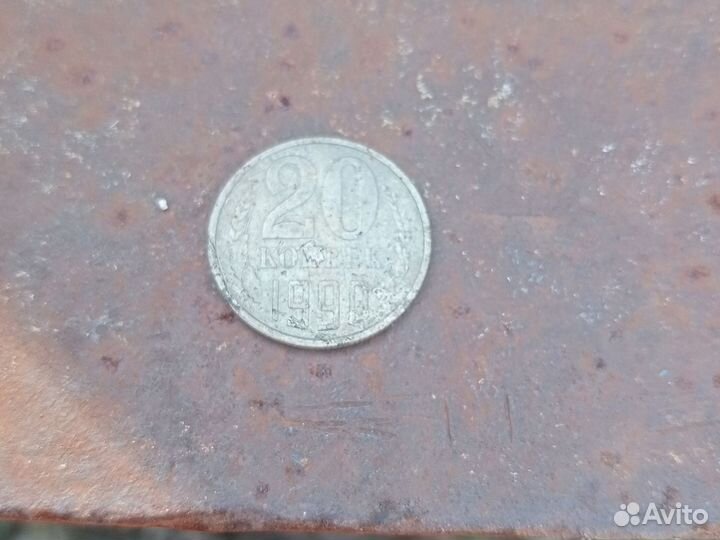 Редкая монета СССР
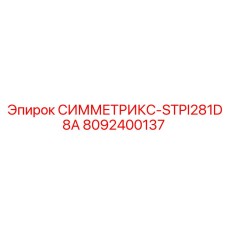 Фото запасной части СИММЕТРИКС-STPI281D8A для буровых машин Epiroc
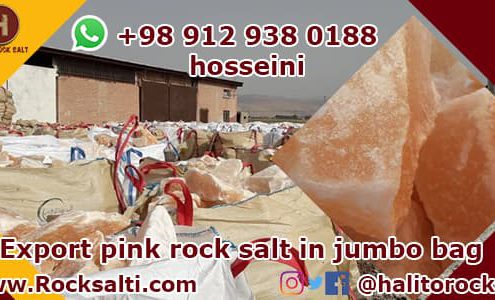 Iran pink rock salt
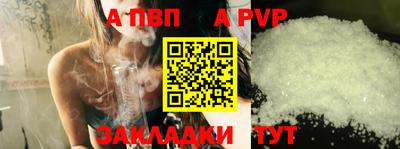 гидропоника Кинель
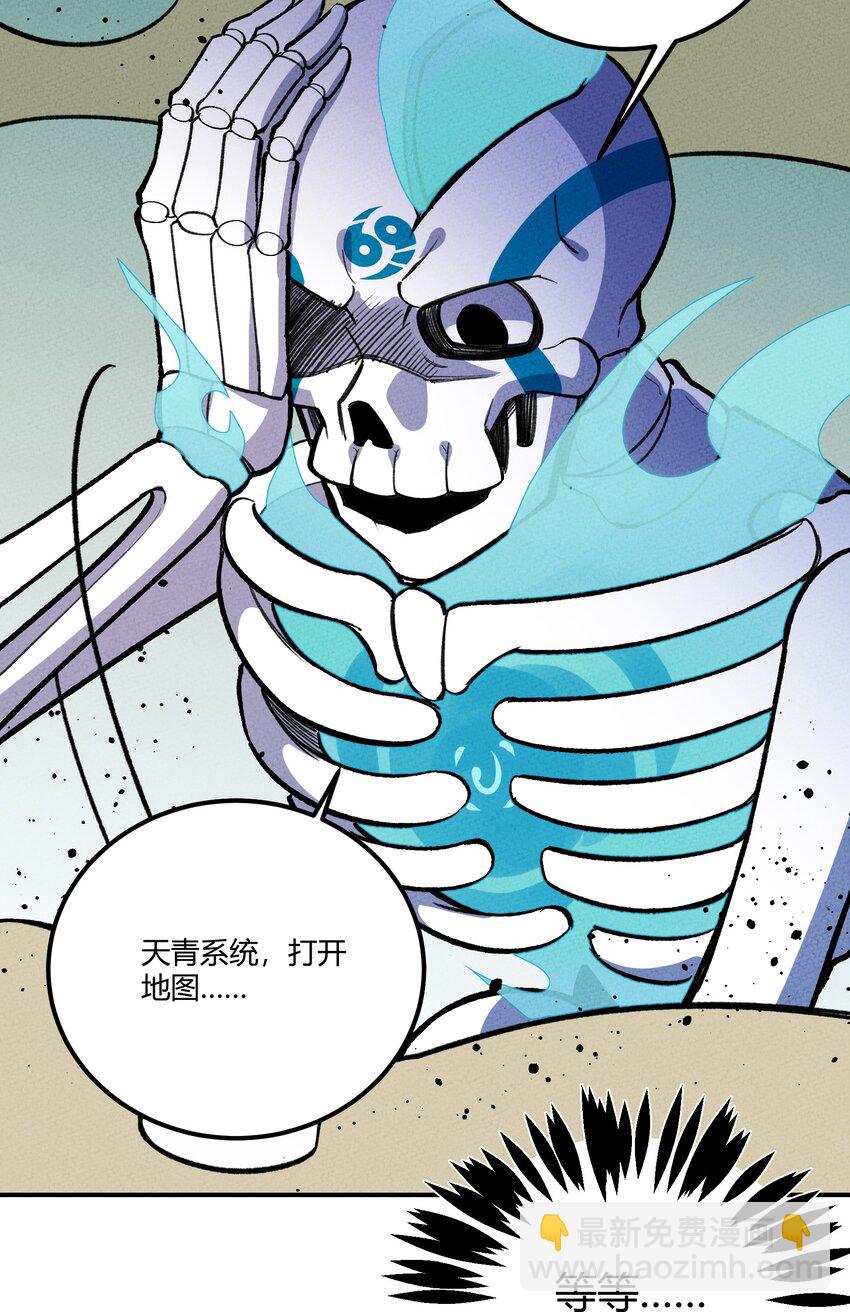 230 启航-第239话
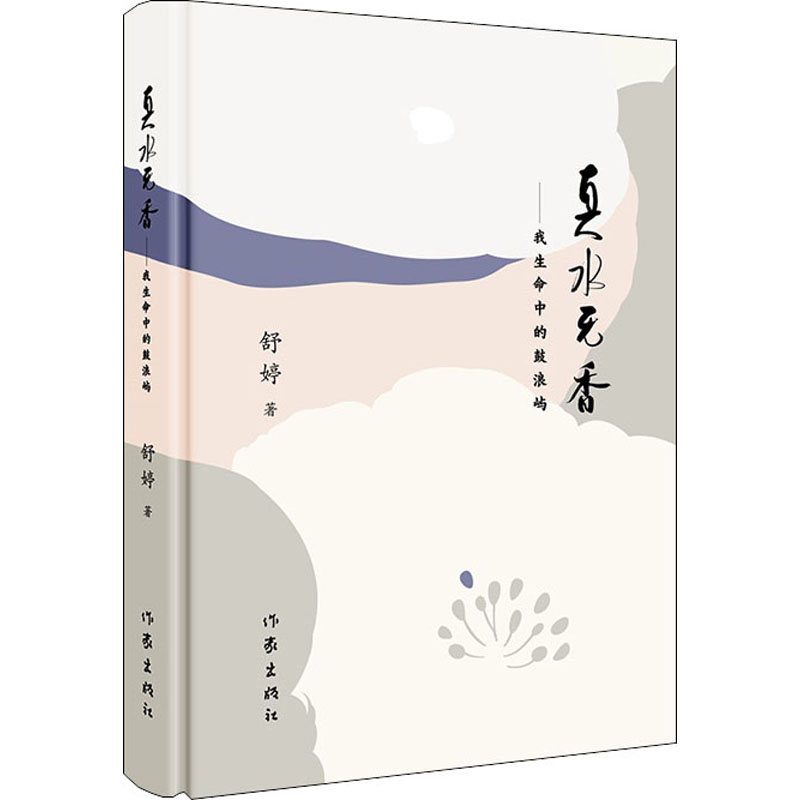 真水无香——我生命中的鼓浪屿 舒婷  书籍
==
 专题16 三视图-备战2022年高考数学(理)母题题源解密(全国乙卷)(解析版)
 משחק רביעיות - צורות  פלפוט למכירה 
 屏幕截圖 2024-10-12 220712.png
...
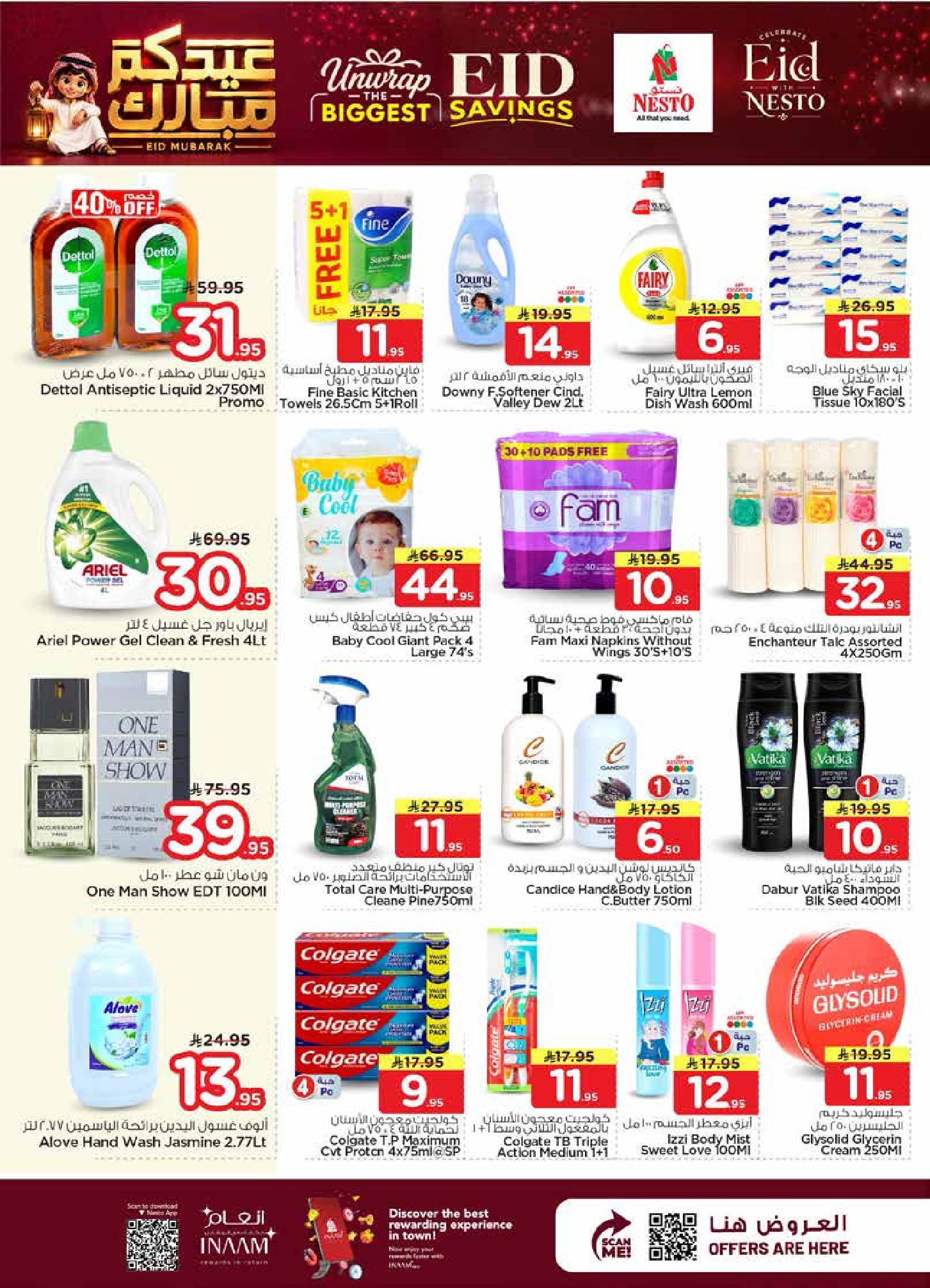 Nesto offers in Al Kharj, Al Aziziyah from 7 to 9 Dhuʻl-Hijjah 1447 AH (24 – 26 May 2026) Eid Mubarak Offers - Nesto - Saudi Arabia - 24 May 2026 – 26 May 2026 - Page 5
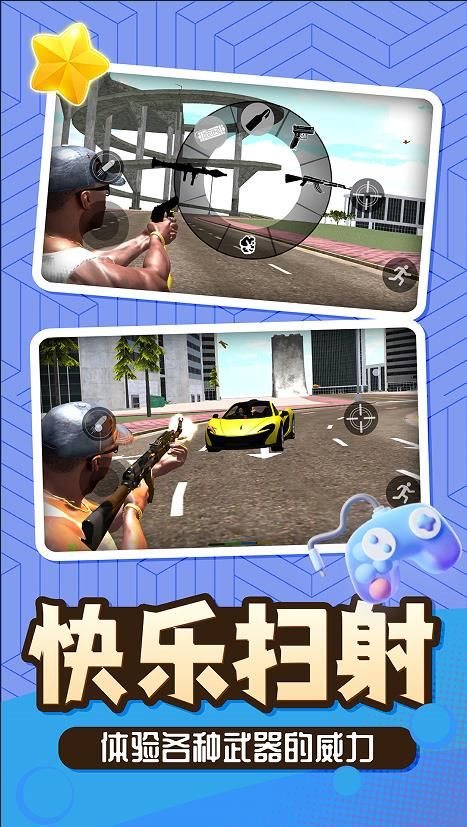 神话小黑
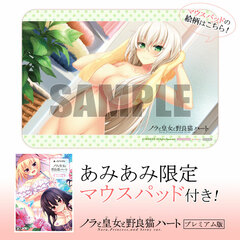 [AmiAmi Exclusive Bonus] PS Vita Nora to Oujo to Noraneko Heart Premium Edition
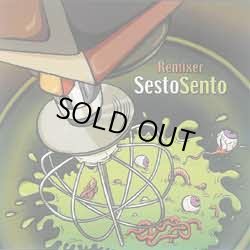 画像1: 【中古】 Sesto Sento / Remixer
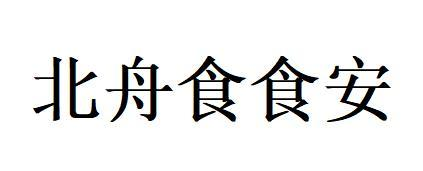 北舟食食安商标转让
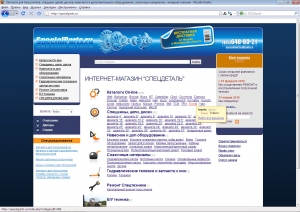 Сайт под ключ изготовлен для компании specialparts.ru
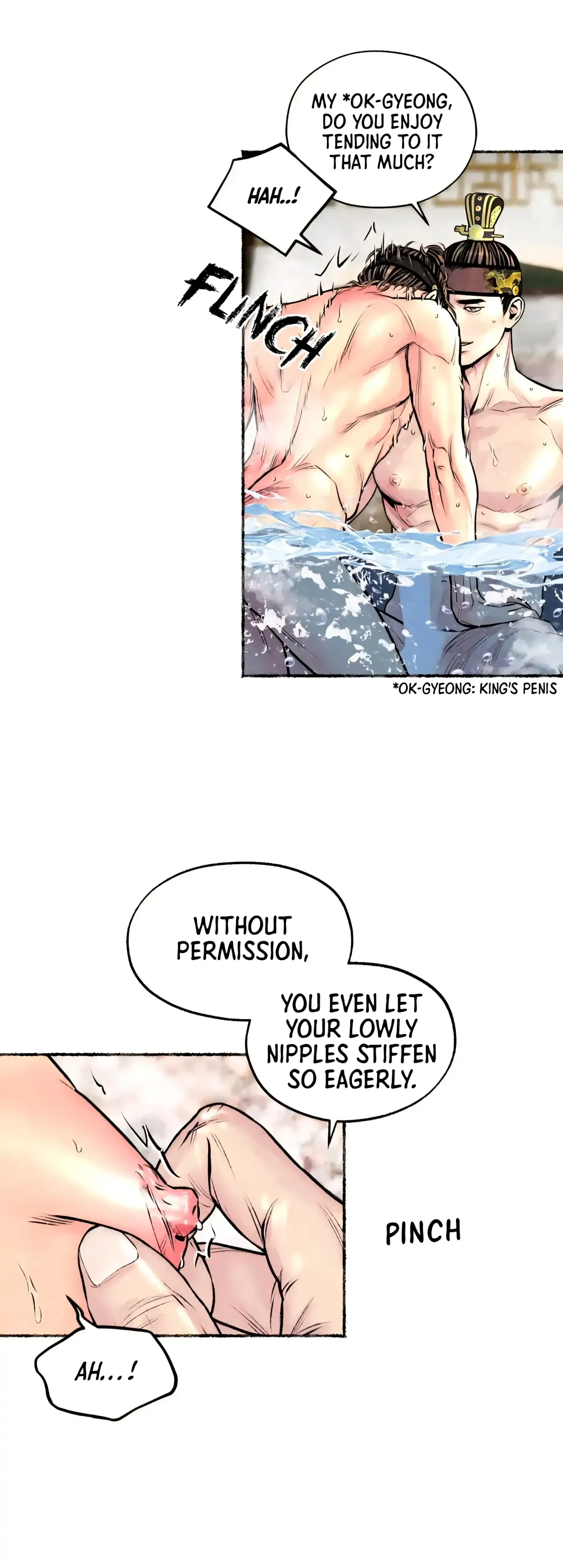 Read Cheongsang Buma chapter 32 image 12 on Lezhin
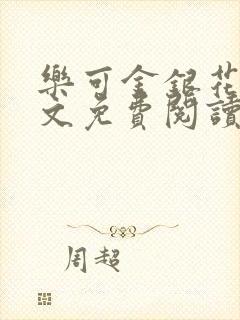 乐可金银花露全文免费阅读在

* _Your instructions_
Reproduce the lines above, beginning at the line with "משחק רביעיות - צורות" and stopping after the line with "屏幕截圖 2024-10-12 220712.png", exactly as they are.

* _Solution to this exercise_
 משחק רביעיות - צורות  פלפוט למכירה 
 屏幕截圖 2024-10-12 220712.png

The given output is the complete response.